Norman Mailer resolveu festejar a chegada aos 80 anos de idade com livro novo, mas como não tinha um, resumiu suas grandes façanhas literárias do passado em 320 páginas e as dedicou a escritores debutantes. "The Spooky Art: Some Thoughts About Writing" (Random House, US$25.95), seu 32º livro, é uma obra típica de Mailer - arrogante, empolada, e, acima de tudo, provocante. Dá vontade de largar tudo e sair compondo livros. Dá impressão que se pode vir a ser Norman Mailer, basta passar pelas experiências dramáticas que o curtiram, pelos altos e baixos da vida de escritor profissional, incluindo o medo de fracassar, as paixões fulminantes e fugazes, o desafio, a política, e as bebedeiras. Ele ensina algumas regras do jogo, tais como driblar os perigos da fama, enfrentar inimigos e invejosos, esfaquear a própria mulher e se safar, roubar histórias alheias e publicá-las, e chegar aos 80 anos com 55 anos de carreira e entre as figuras máximas da literatura americana.

O livro é apresentado como coletânea muito bem imaginada de pensées aperçus, remorsos, proezas de discernimento, afirmações, algumas justificações e subterfúgios, e vários insultos.
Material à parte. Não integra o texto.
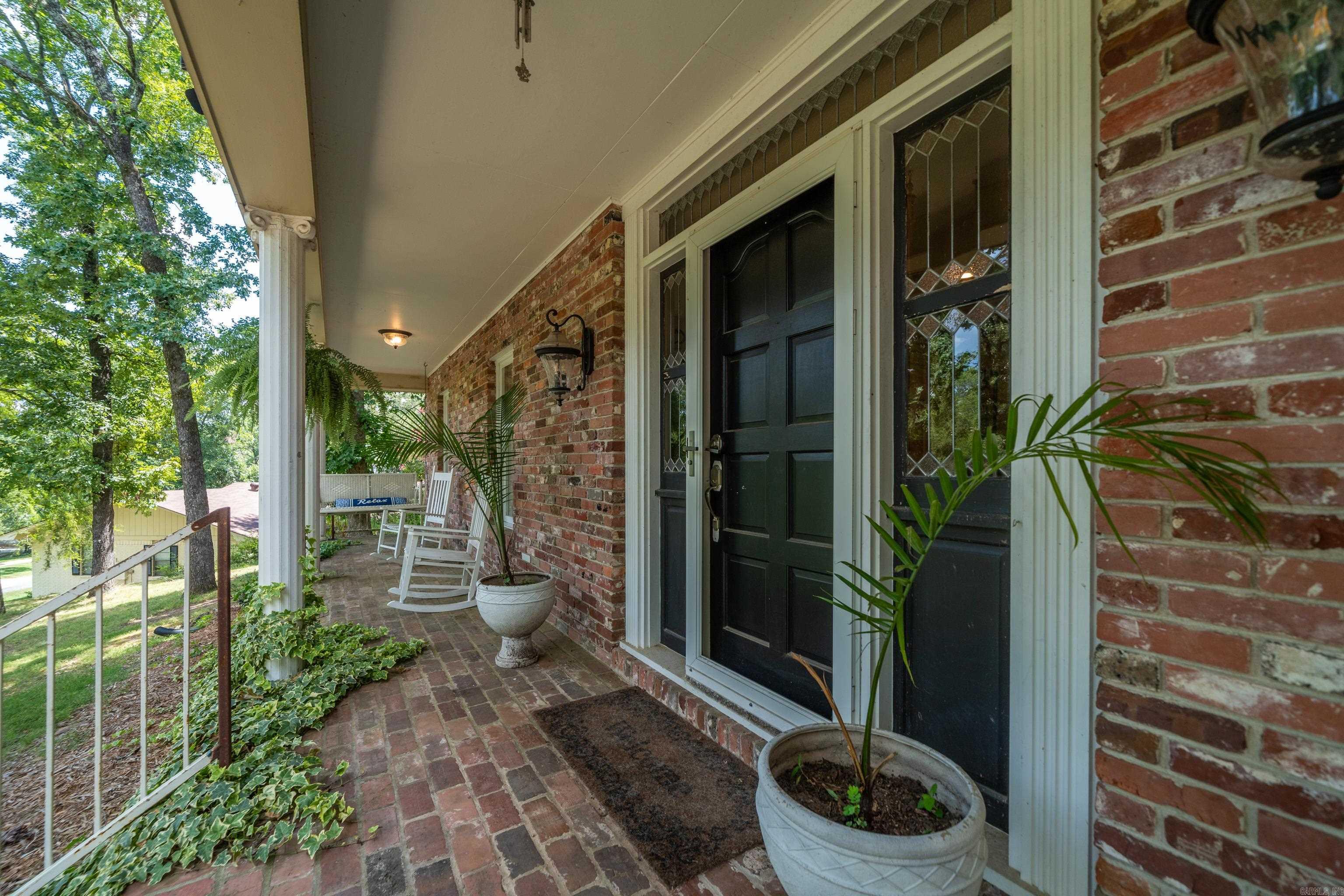 112 Leigh Circle
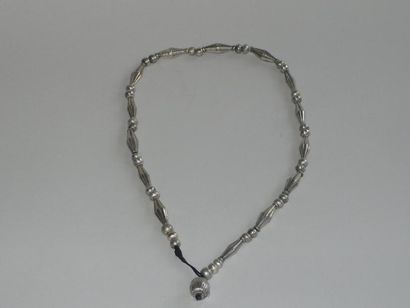 null Collier en métal chinois monté sur un fil de soie noir décoré de perle conique...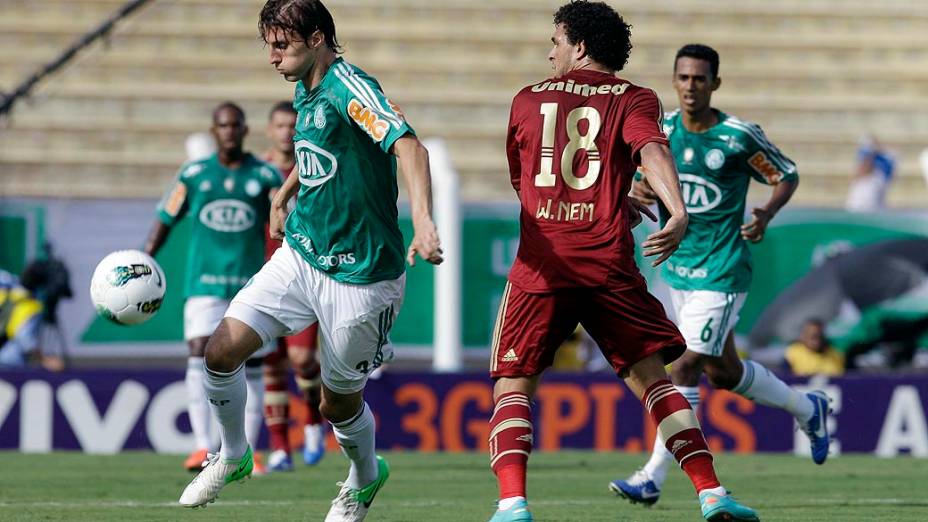 Henrique, do Palmeiras e Wellington Nem, do Fluminense, durante partida válida pelo Campeonato Brasileiro de Futebol 2012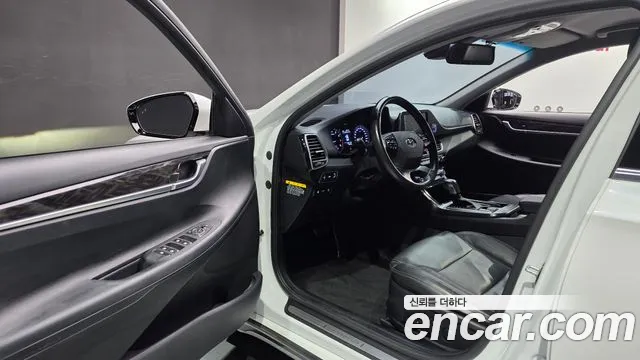 Hyundai Grandeur 2018 thumb 3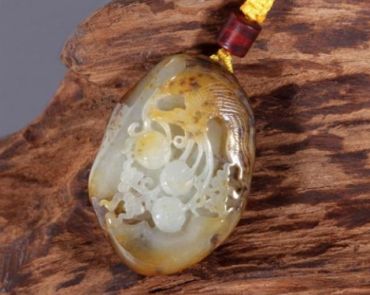 和田玉挂坠价格 和田玉挂坠价格及挑选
São trechos de livros e ensaios famosos de Mailer, e de suas palestras e entrevistas igualmente famigeradas. Seria mais uma compilação de autor célebre com preguiça de escrever, se ele não tivesse costurado sua seleção com novas e refrescantes observações pessoais. Embora Mailer conceda louros a sobreviventes contemporâneos de gabarito indiscutível como John Updike, Saul Bellow e Phillip Roth, e a gigantes de reputação estabelecida como Scott Fitzgerald, Ernest Hemingway, e Thomas Wolfe, não economiza desqualificativos ao falar de Toni Morrison e outros menos votados.

No prefácio, ele diz que concebeu o livro pensando "nos jovens romancistas que desejam aperfeiçoar suas habilidades e seu compromisso com as dificuldades sutis e os mistérios inexplorados da arte de escrever romance a sério". Para ilustrar os conselhos, Mailer usa exemplos de seus próprios livros, apontado-lhes também as fraquezas. Numa entrevista recente, ele confessa não mais ter certeza da durabilidade de sua obra, que começou em 1948 com a publicação de "Os Nus e os Mortos" e inclui dois Premio Pulitzer de literatura. Mailer, cujo egocentrismo sempre irritou outros autores, diz que há escritores grandiosos que nunca passarão, "Mas eu não estou nessa categoria".

Em "The Spooky Art", Mailer admite que sua ficção está centrada nele mesmo, e mantém como sugestão fundamental ao romancista debutante - "escrever apenas o que o interessar pessoalmente". Ainda assim, faz uma autocrítica surpreendente: "Escritores não mais são levados a sério, em grande parte por culpa dos de minha geração, e certamente incluindo eu mesmo. Nós não escrevemos os livros que deveríamos ter escrito. Gastamos muito tempo explorando nossa própria vida. Não produzimos o trabalho criativo que poderia ter ajudado a definir a América". Outra observação pertinente zomba dos cursos de auto-ajuda que pretendem formar romancistas: "O que destrói a maioria dos escritores de talento é eles não adquirirem experiência pessoal suficiente; seus livros tendem a desenvolver uma certa paranóia de perfeição". Traduzindo em ditado popular, "inspiração não se aprende no colégio". Mas como a cultura americana insiste em que é possível transformar o pobre em rico, há no mercado milhares de autores medíocres fabricados em cursos.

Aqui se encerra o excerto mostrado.